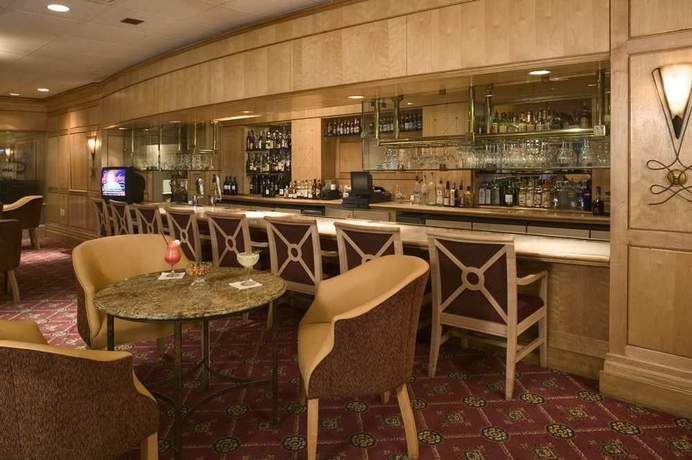 Imagen de los interiores del Hotel Doubletree By Hilton Denver. Foto 15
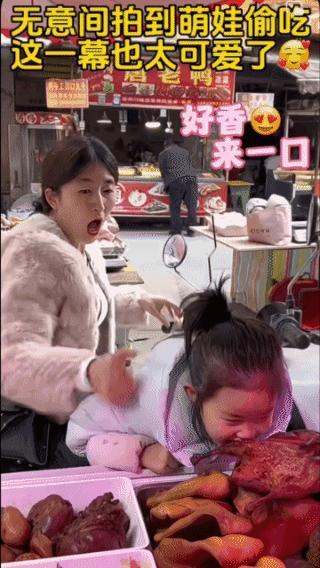 女孩一口下去，
目的随即达到了！
妈妈带着女孩买肉，
女孩趁着他们不注意，
冲着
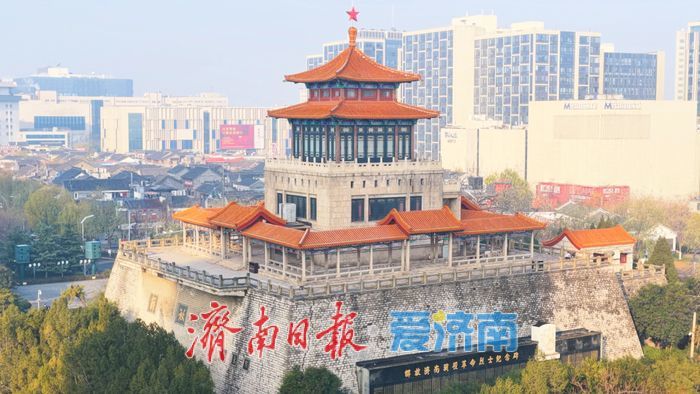 一河碧水映金柳，满城冬韵入泉声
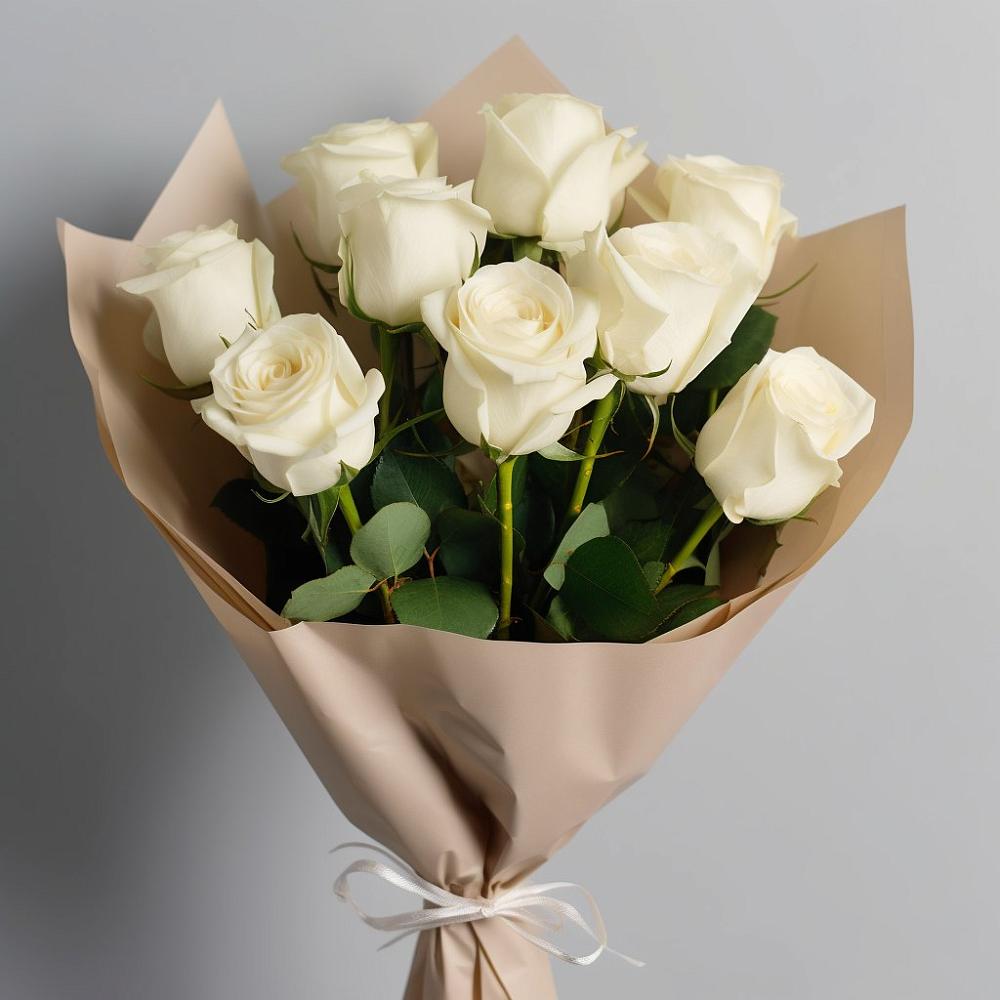 Букет 9 Белых роз Эдлесс Лав в Кировграде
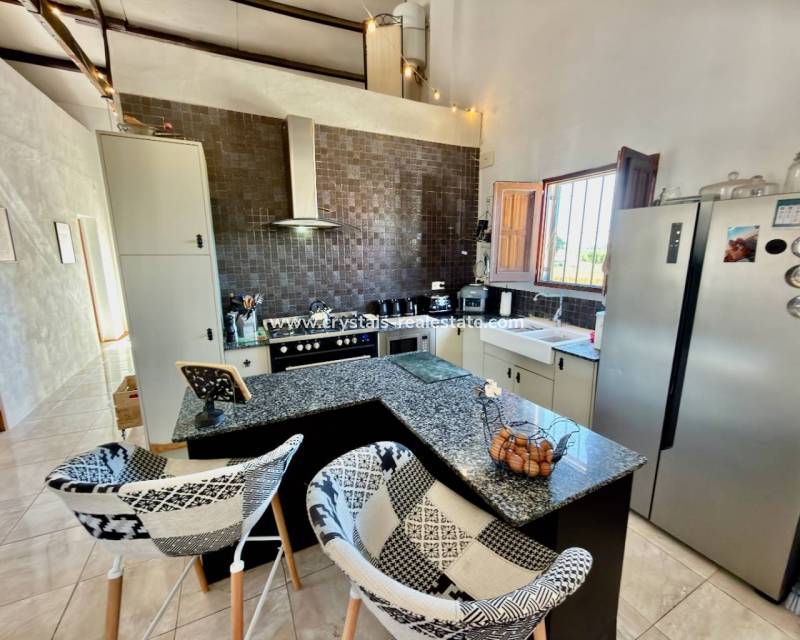 Resale - Finca / Country Property - Dolores - Comunidad Valenciana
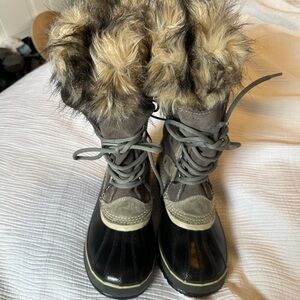 Sorel Women's Joan Of Arctic Winter Boot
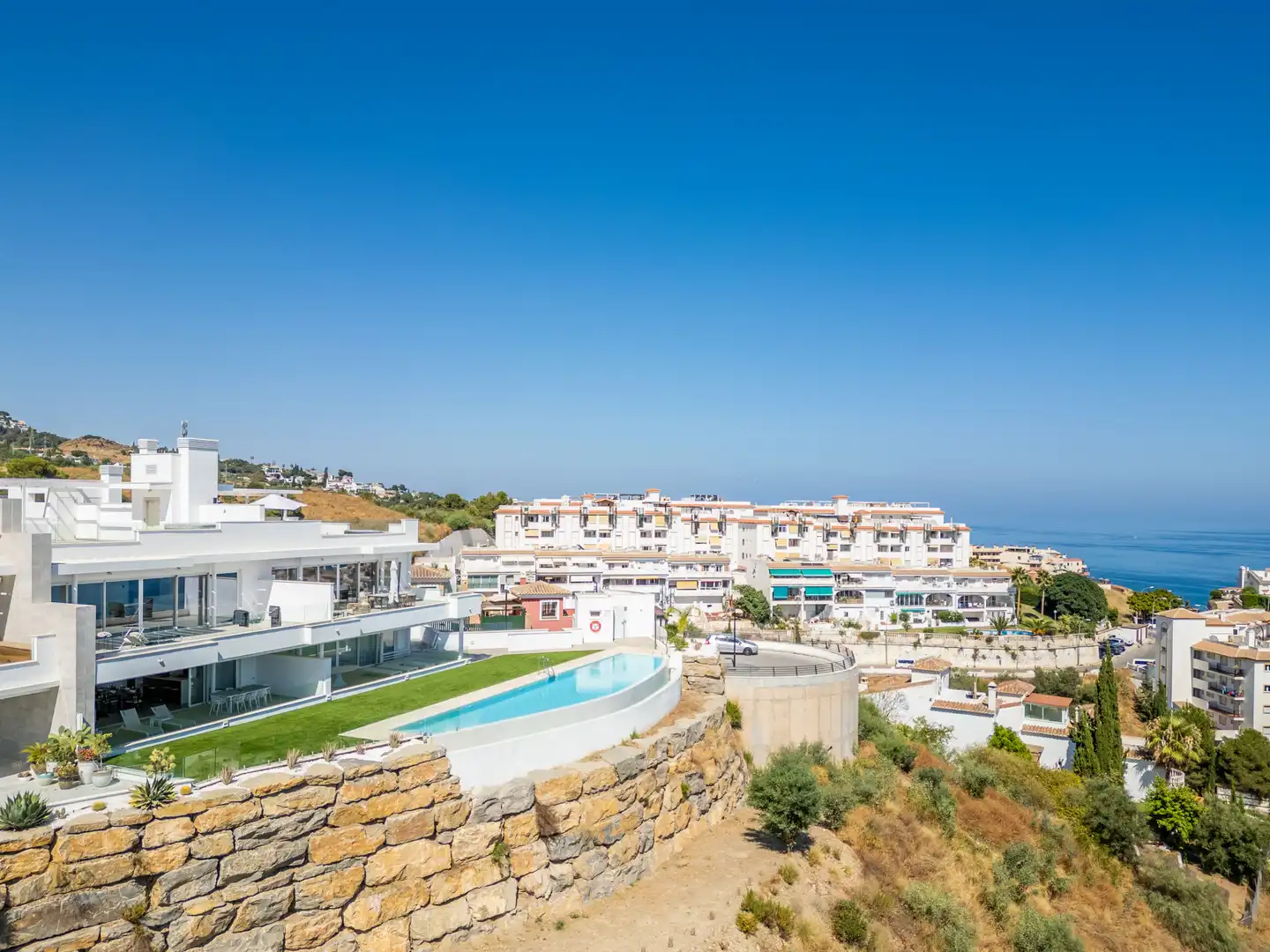 Außenansicht von Wohnungen zur Miete in Benalmádena mit Klimaanlage, Terrasse und Schwimmbad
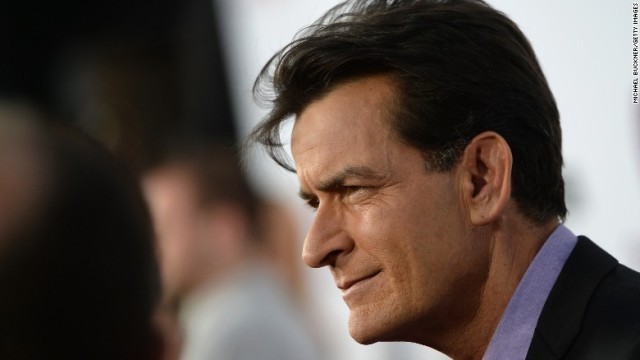 ＨＩＶ告白のチャーリー・シーン、脅され１２億円支払いも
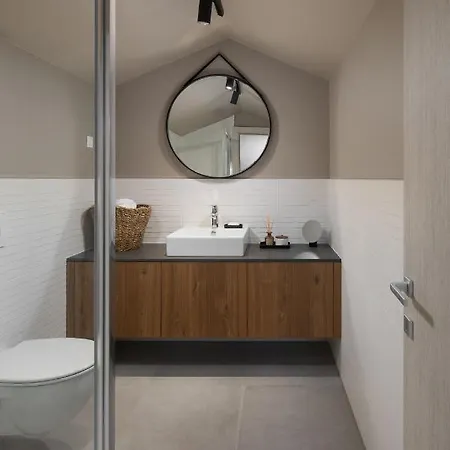 Colmo S Hidromasaznom Kadom Apartman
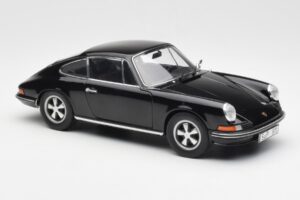 Porsche 911 S ブラック Schuco 1:18 450047200 メタル - 画像 6/8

> [REQUIRED ACTION] Everything from the line with "Resale - Finca" through the end of the records above, both ends included, is to be reproduced exactly, and nothing outside that span; the pictures are to be dropped.

> [WRITTEN REPLY]
 Resale - Finca / Country Property - Dolores - Comunidad Valenciana
 Sorel Women's Joan Of Arctic Winter Boot
 Außenansicht von Wohnungen zur Miete in Benalmádena mit Klimaanlage, Terrasse und Schwimmbad
 ＨＩＶ告白のチャーリー・シーン、脅され１２億円支払いも
 Colmo S Hidromasaznom Kadom Apartman
 Porsche 911 S ブラック Schuco 1:18 450047200 メタル - 画像 6/8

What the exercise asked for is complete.